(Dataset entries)
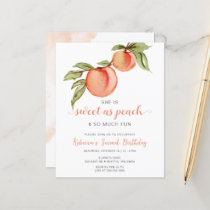 Budget Sweet as Peach Girl Birthday Invitation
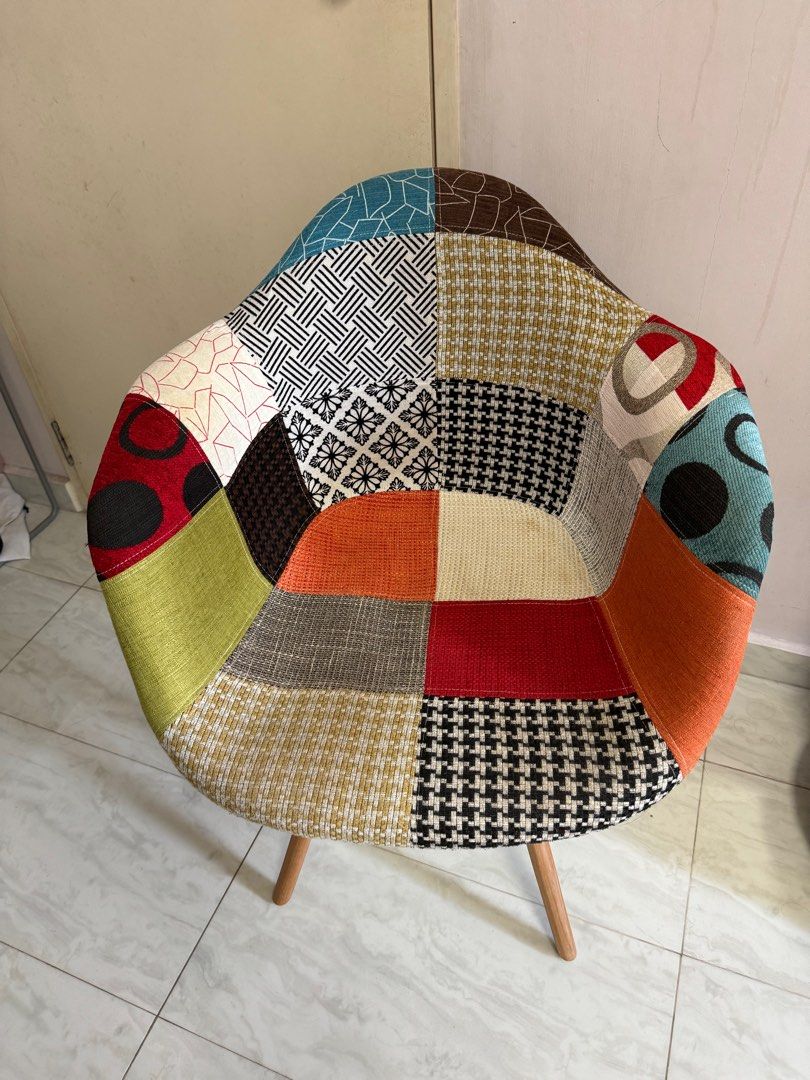Patchwork chair (Category: Chairs) located in Singapore. Submitted by sashafs (Listing ID 1374714564, Image 2). Description: Patchwork chair bought a year ago for $60~ Condition is still good. Dimension in last picture. Reason for sale: changed my work table and this chair is too short for the table. Pickup from Queenstown area, please arrange your own delivery. .
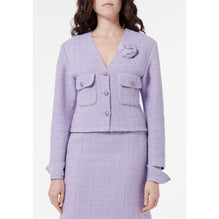 Iridescent Wool Tweed Jacket -  Purple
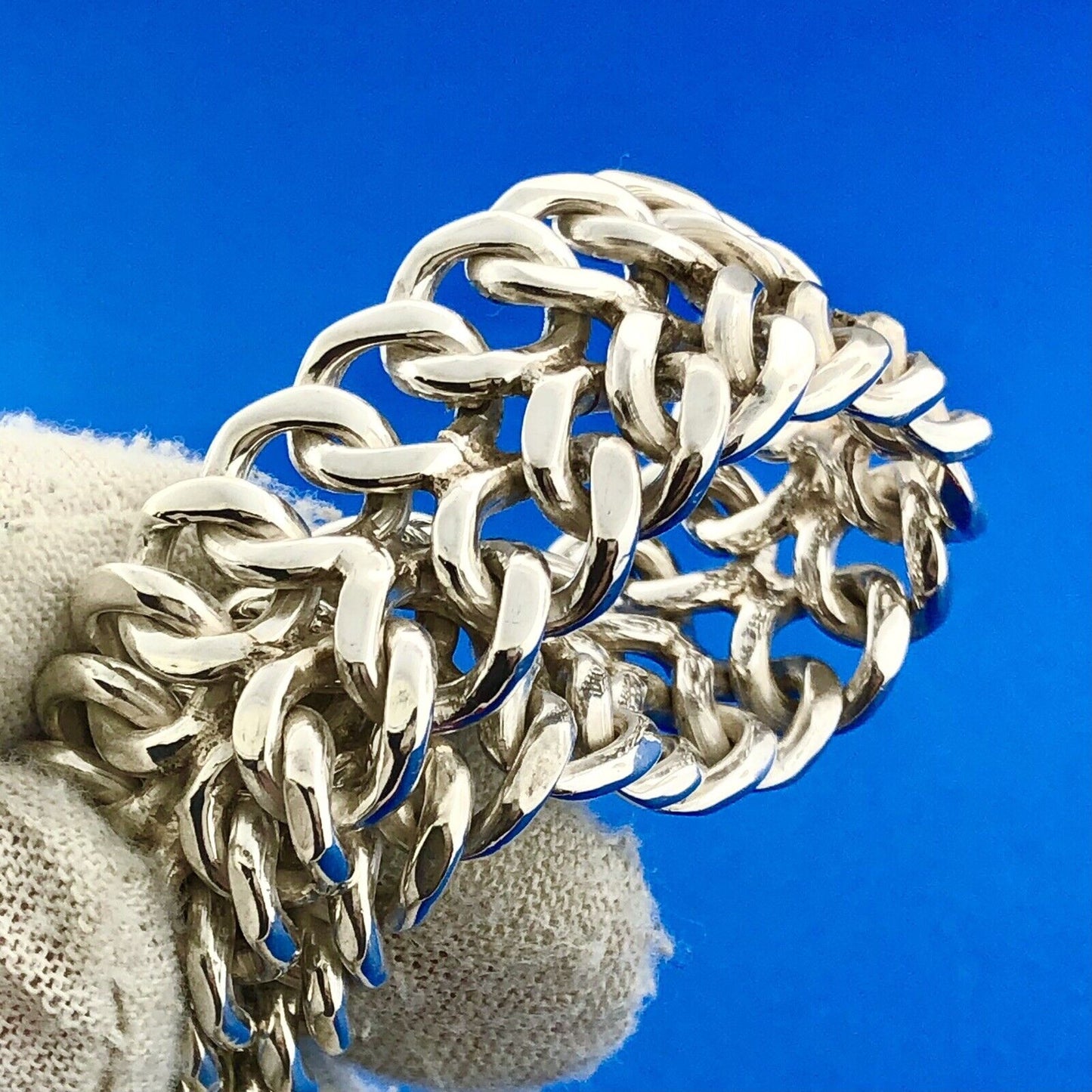 Signed Taxco 925 Sterling Silver Double Cable Link Statement Choker Necklace
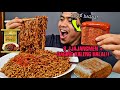 MUKBANG 8 BUNGKUS MIE HITAM KOREA PAKE BALOK DAGING 100% HALAL!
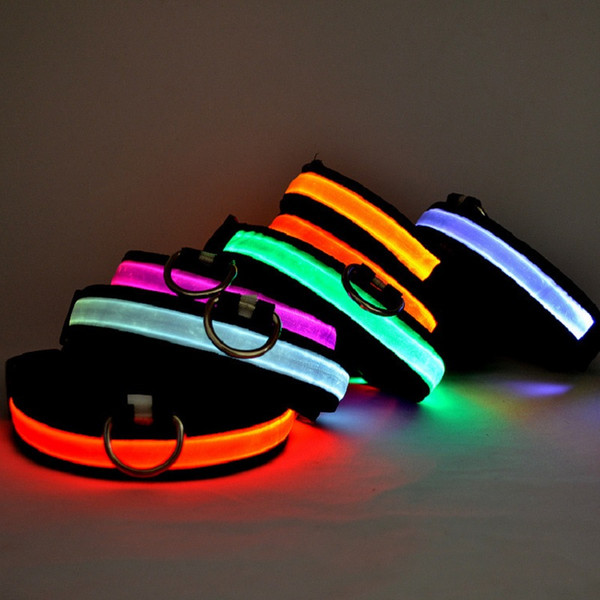 Nylon LED Pet Dog Collar Night Safety Flashing Glow In The Dark Dog Leash Dogs Luminous Fluorescent Collars Pet Supplies Cartoon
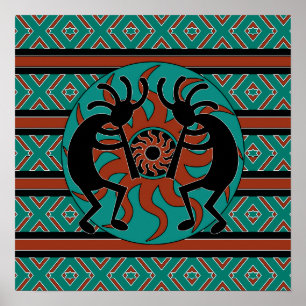 Southwest Kokopelli Türkis Wall Art Poster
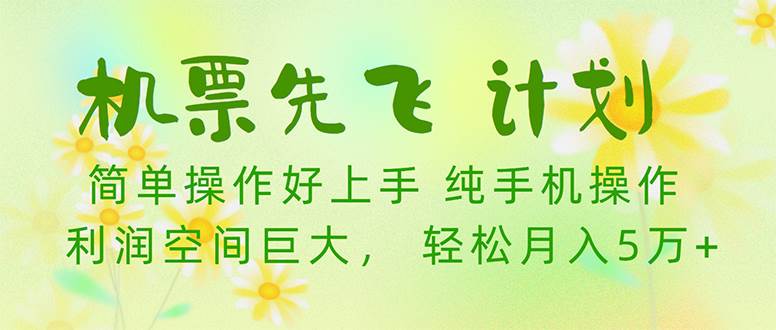 机票先飞计划！里程积分兑换机票售卖赚差价，利润空间巨大，小白月入5万+-青简副业网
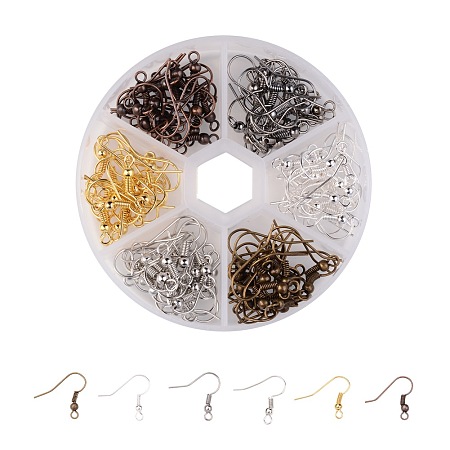 ARRICRAFT 1Box 120PCS 6 Colors Iron Earring Hooks, Nickel Free, Mixed Color, 18x0.8mm, Hole: 2mm, about 20pcs/compartment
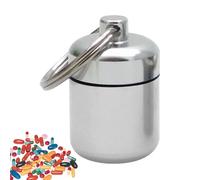 Key Chain Pill Container - Metal Outdoor Pill Case With Keychain, Durable Travel Keychain Container, Portable Organizer With Sponge Pads, Compact Storage Box For Pills, Ear Plugs, Travel, Backpacking,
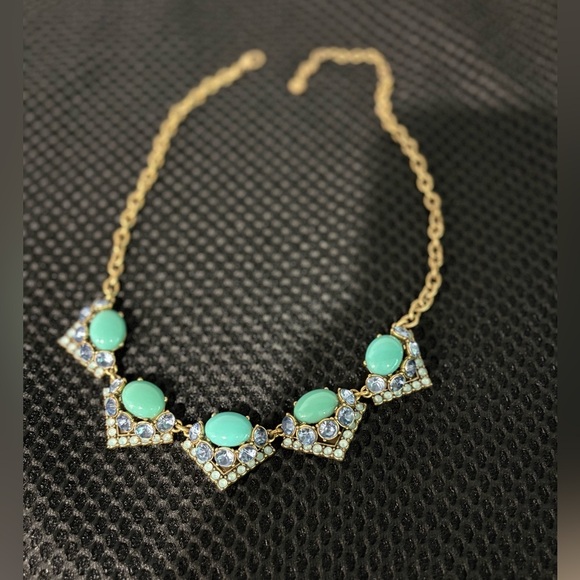 Stella & Dot Statement Necklace - Turquoise & Blue Crystal Bib - Picture 7 of 10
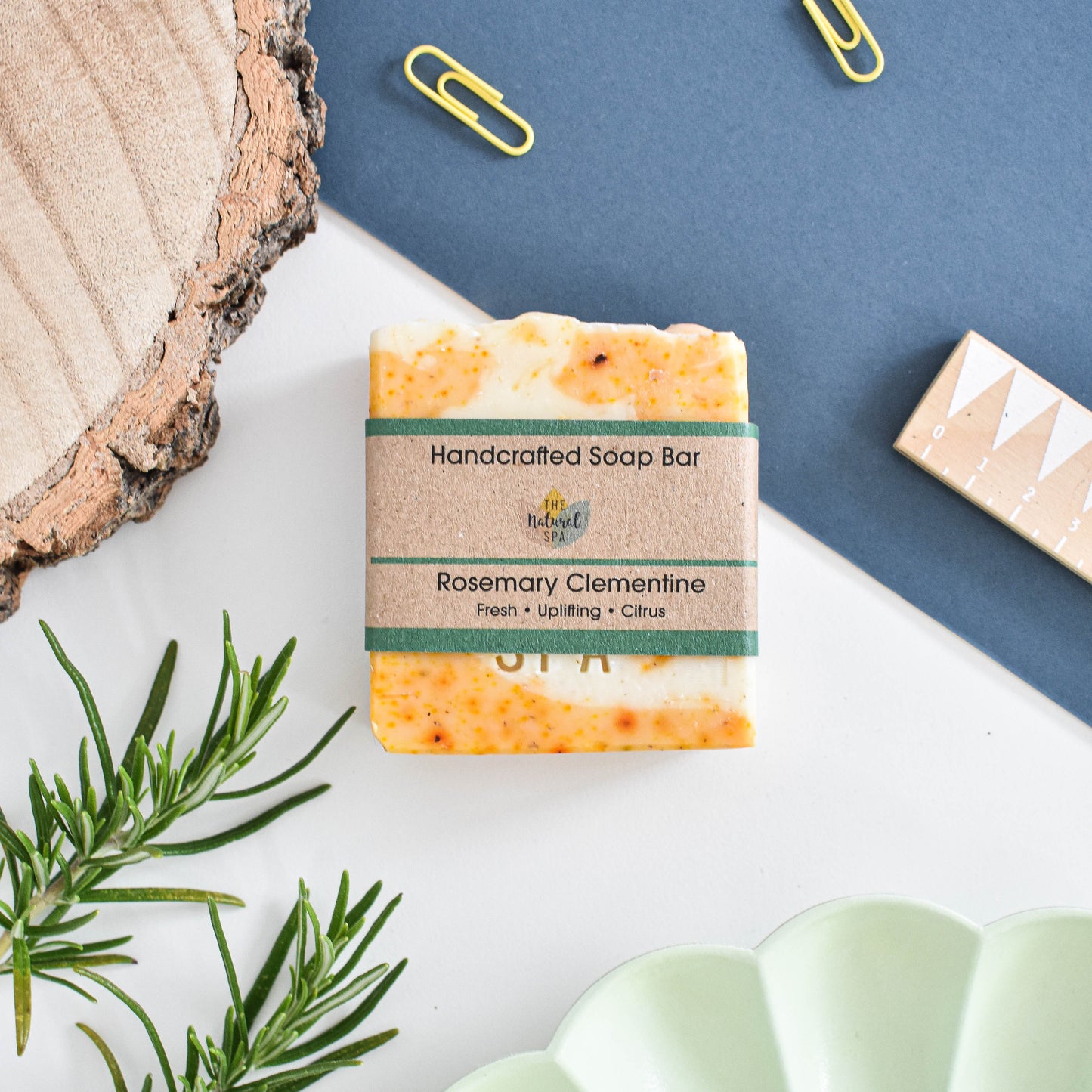 Rosemary Clementine Soap Bar 100g -  Scented with essential oils - 3 different styles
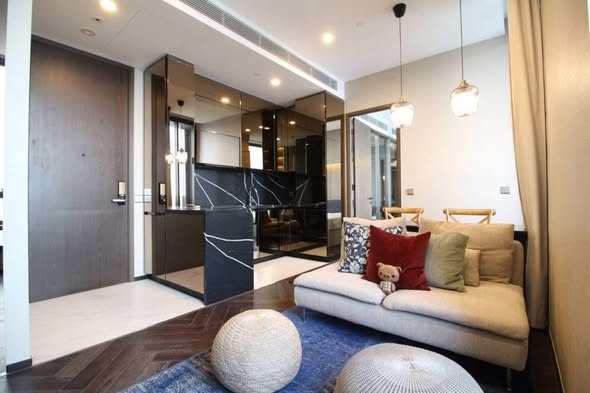 living room and room interior of THE ESSE Sukhumvit 36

WHAT NEEDS TO BE DONE ::
Each line above starting at the one holding "Nylon LED Pet" and ending at the one holding "Key Chain Pill" should be set down exactly as it stands, both ends included, with no pictures.

ANSWER BELOW ::
 Nylon LED Pet Dog Collar Night Safety Flashing Glow In The Dark Dog Leash Dogs Luminous Fluorescent Collars Pet Supplies Cartoon
 Southwest Kokopelli Türkis Wall Art Poster
 机票先飞计划！里程积分兑换机票售卖赚差价，利润空间巨大，小白月入5万+-青简副业网
 ARRICRAFT 1Box 120PCS 6 Colors Iron Earring Hooks, Nickel Free, Mixed Color, 18x0.8mm, Hole: 2mm, about 20pcs/compartment
 Key Chain Pill Container - Metal Outdoor Pill Case With Keychain, Durable Travel Keychain Container, Portable Organizer With Sponge Pads, Compact Storage Box For Pills, Ear Plugs, Travel, Backpacking,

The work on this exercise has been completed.